Each record needs to be transcribed word for word, though without its pictures.

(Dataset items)
Content starts
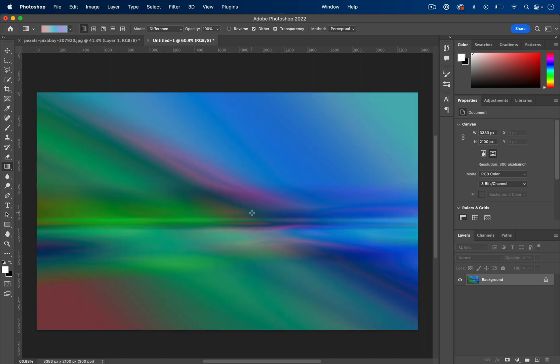So these could make great wallpapers, backgrounds or starting points for other type of designs.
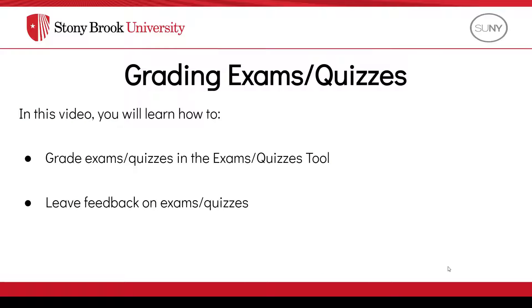In this video, you will learn how to grade exams and quizzes within Brightspace using the Exams and Quizzes tool. You'll also learn how to leave feedback on an exam or quiz for your students.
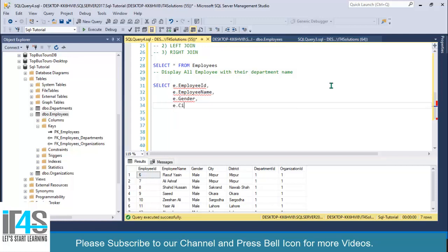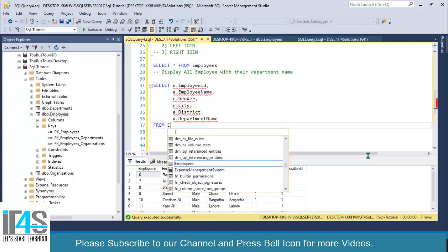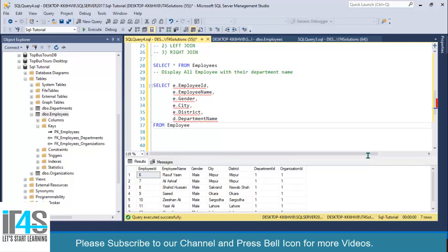Then e.city and e.district. Now I want to display the department name, but we don't have department name in the employees table, so I'll write d.department_name. We'll leave organizations for now and implement that in a separate example. Then: FROM employees AS e.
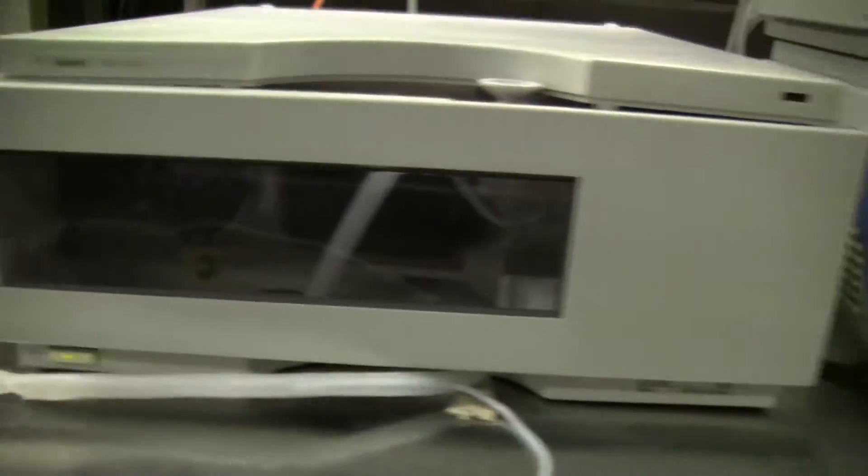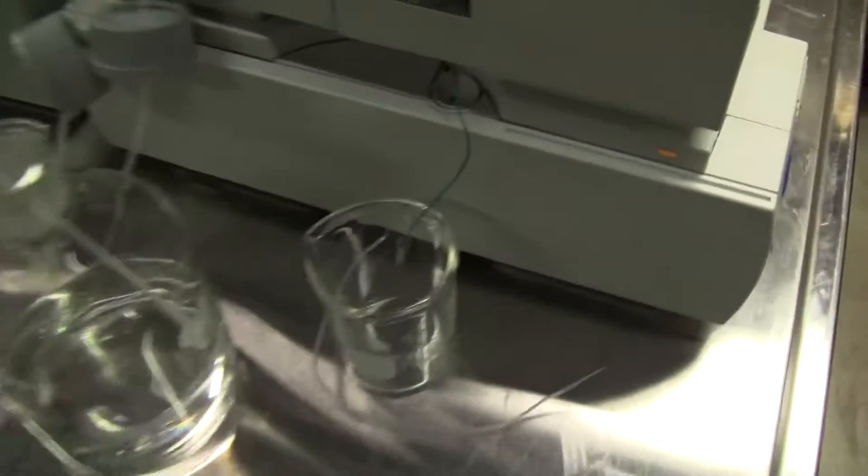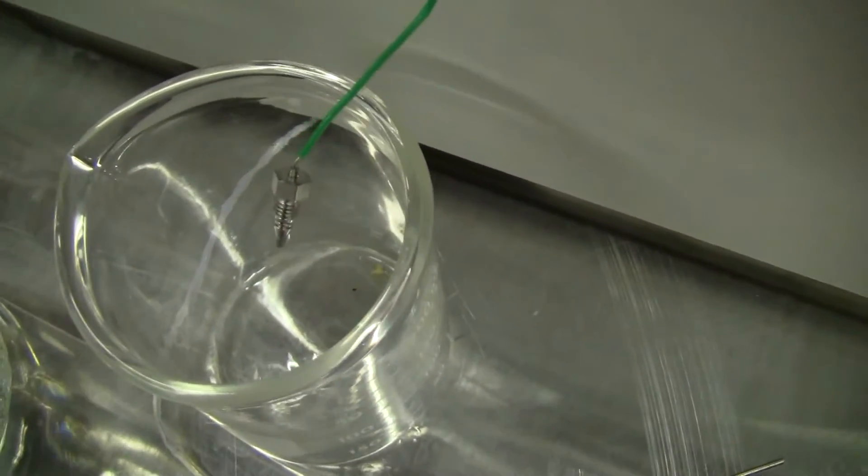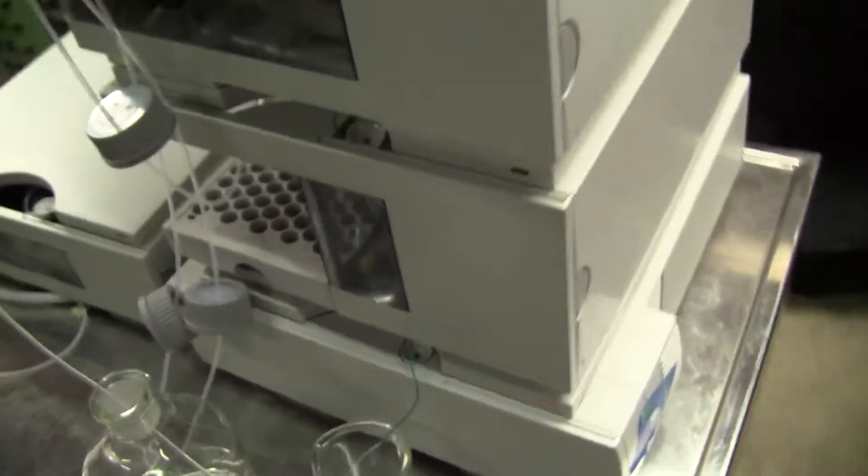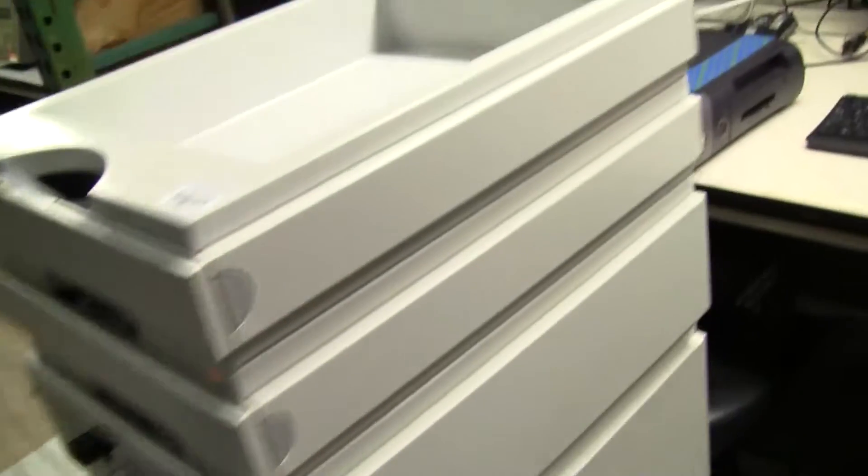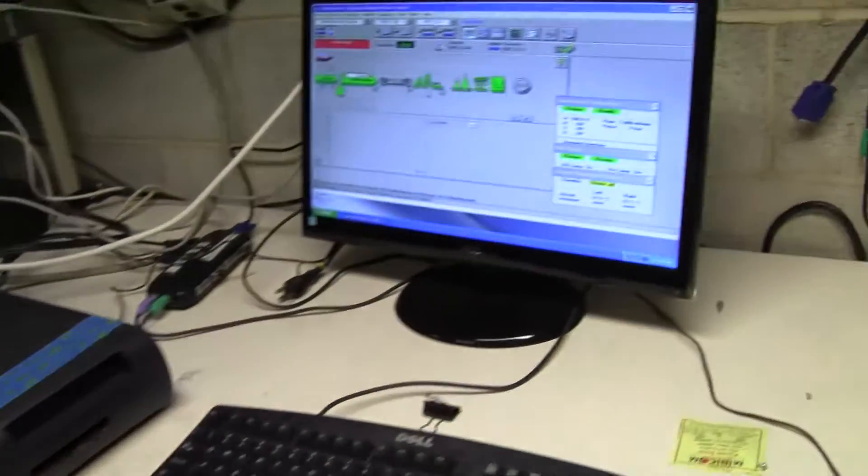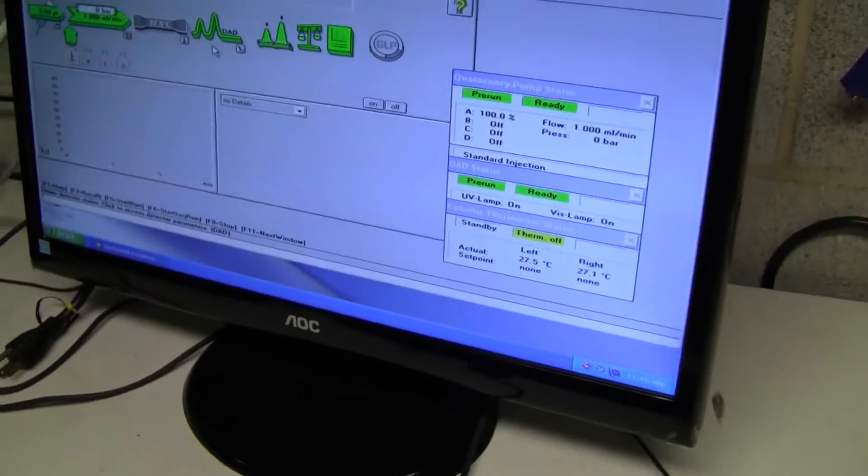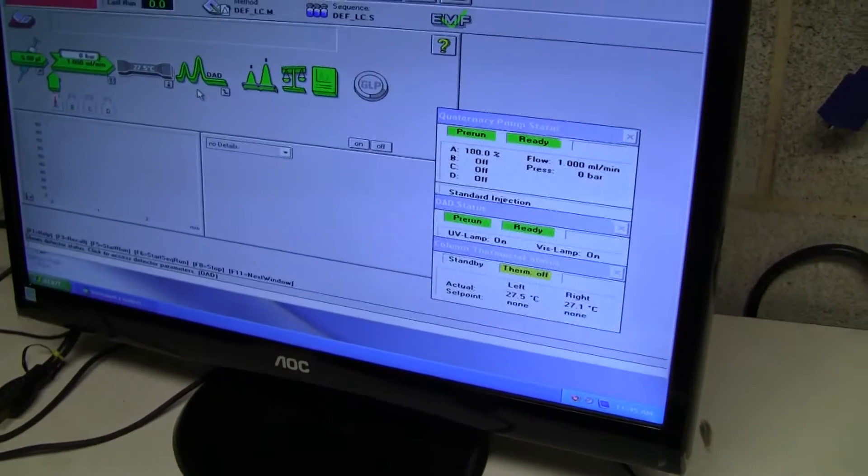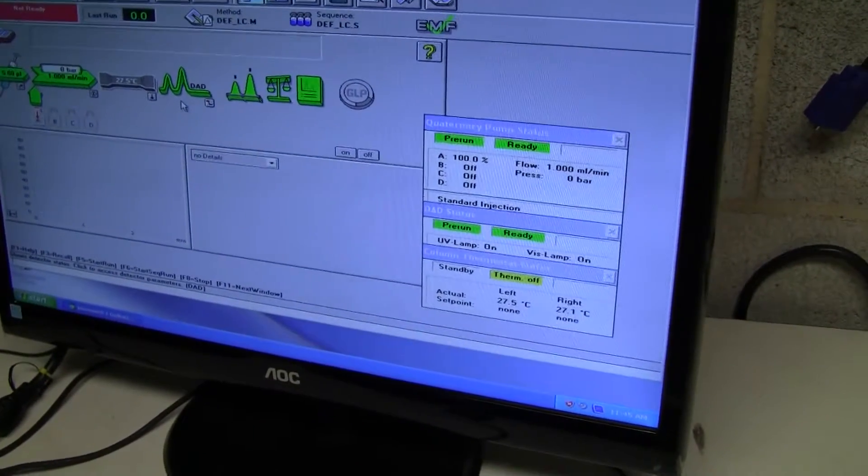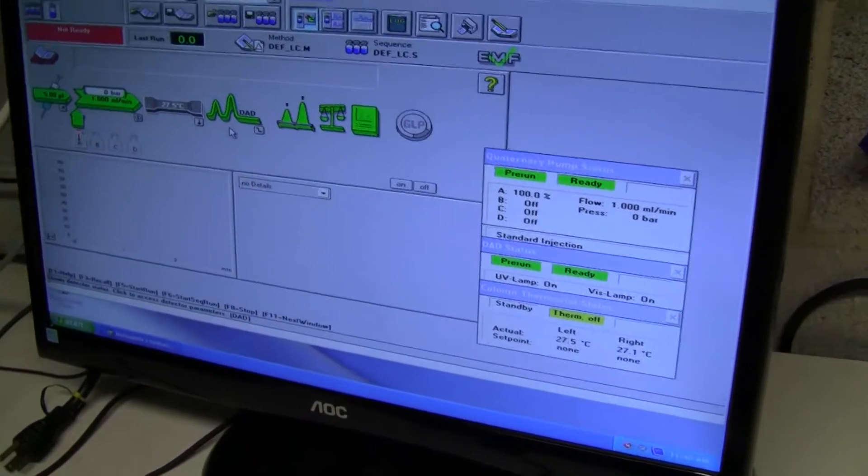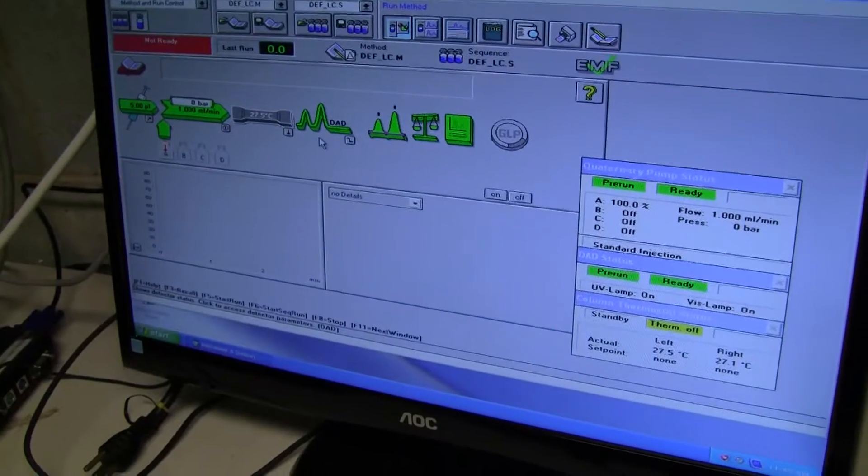Okay, it's running some methanol through it right now. Looking at the unit from a chem station perspective, we can see that we're pumping one milliliter per minute.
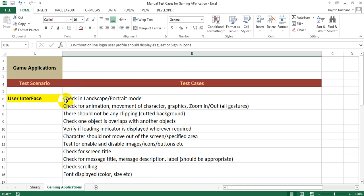Here are the game application test scenarios and test cases. Test scenario number one is user interface. It will have: check in landscape or portrait mode, check for animation, movement of character, graphics, zoom in or out, all gestures.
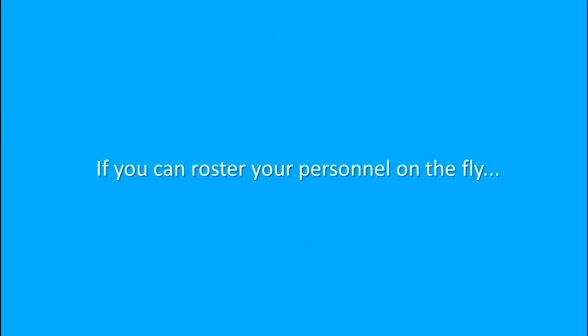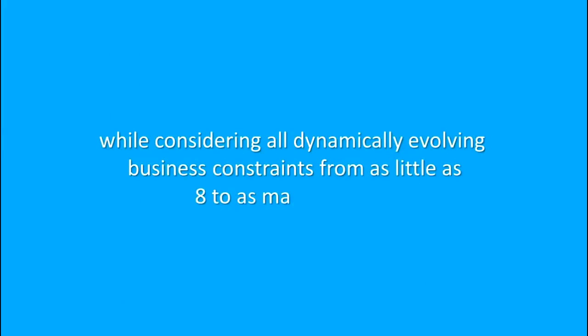If you can roster your personnel on the fly while considering all dynamically evolving business constraints, from as little as 8 to as many as 1,000. Then imagine the new opportunities. Here's a scenario.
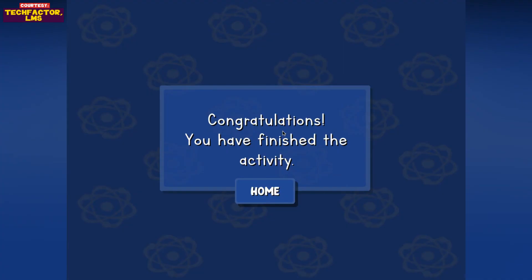Activity complete. Congratulations, you have finished the activity.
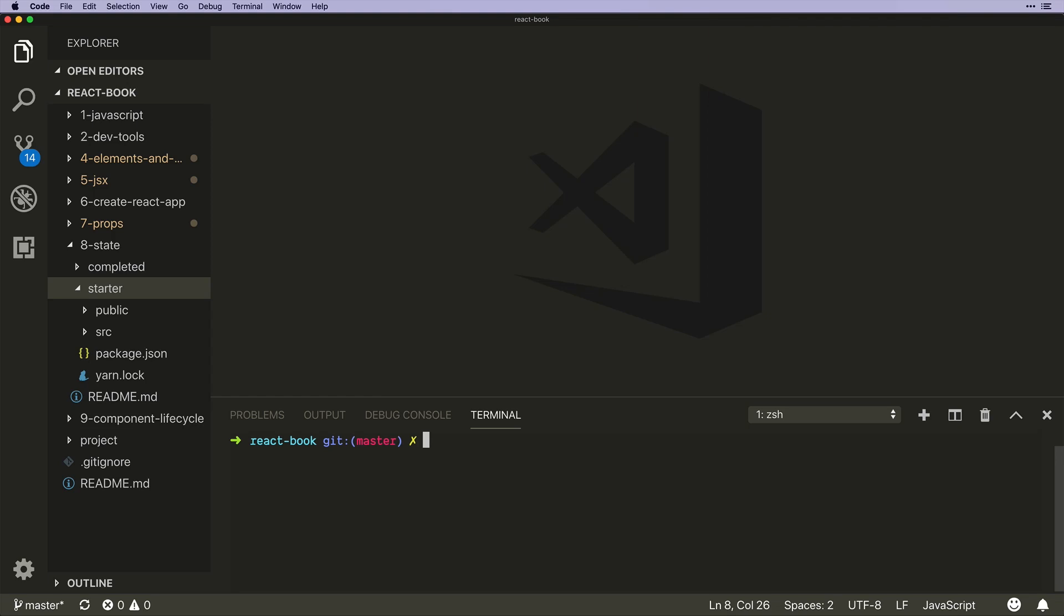Welcome! Over the next couple videos we are going to introduce state in React. State is any data that might change in our application, and the way it works in React is that components manage their own individual state and then can pass that data down as props.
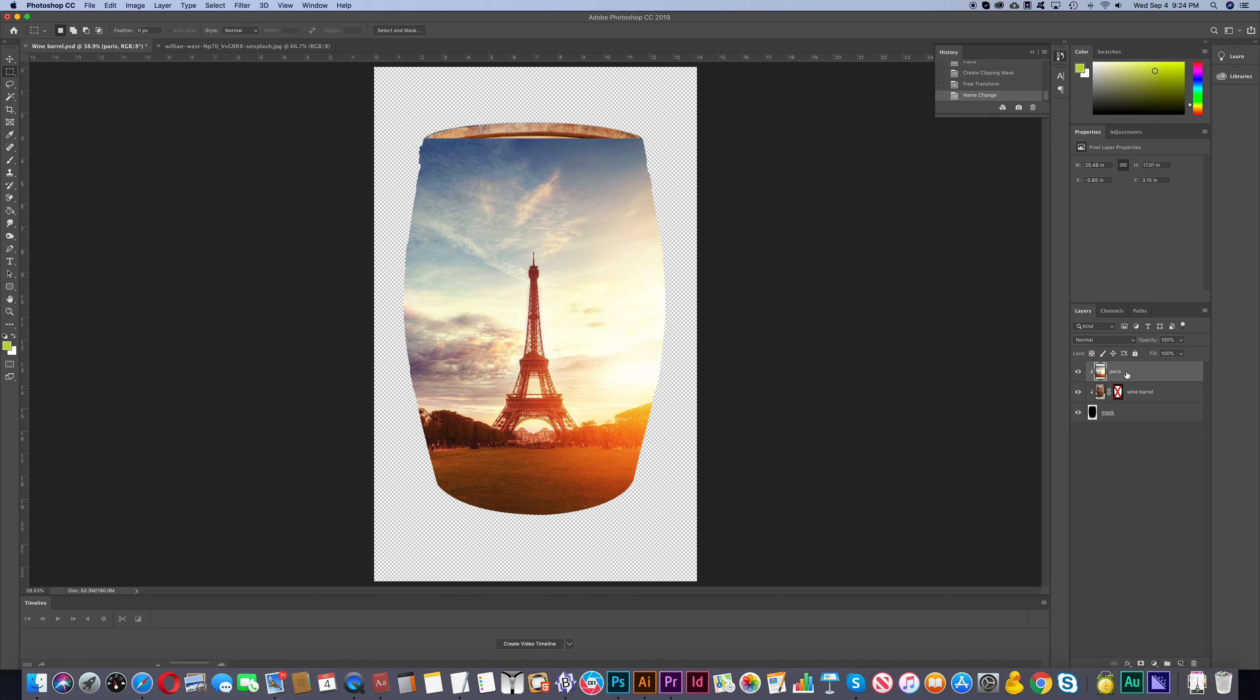We can also have a single layer mask within a multi-layer mask. So in this case we're going to add a mask to the Eiffel Tower picture. And then we'll soften the edges around it.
Content ends
_Output for this exercise_
So these could make great wallpapers, backgrounds or starting points for other type of designs.
In this video, you will learn how to grade exams and quizzes within Brightspace using the Exams and Quizzes tool. You'll also learn how to leave feedback on an exam or quiz for your students.
Then e.city and e.district. Now I want to display the department name, but we don't have department name in the employees table, so I'll write d.department_name. We'll leave organizations for now and implement that in a separate example. Then: FROM employees AS e.
Okay, it's running some methanol through it right now. Looking at the unit from a chem station perspective, we can see that we're pumping one milliliter per minute.
Here are the game application test scenarios and test cases. Test scenario number one is user interface. It will have: check in landscape or portrait mode, check for animation, movement of character, graphics, zoom in or out, all gestures.
If you can roster your personnel on the fly while considering all dynamically evolving business constraints, from as little as 8 to as many as 1,000. Then imagine the new opportunities. Here's a scenario.
Activity complete. Congratulations, you have finished the activity.
Welcome! Over the next couple videos we are going to introduce state in React. State is any data that might change in our application, and the way it works in React is that components manage their own individual state and then can pass that data down as props.
We can also have a single layer mask within a multi-layer mask. So in this case we're going to add a mask to the Eiffel Tower picture. And then we'll soften the edges around it.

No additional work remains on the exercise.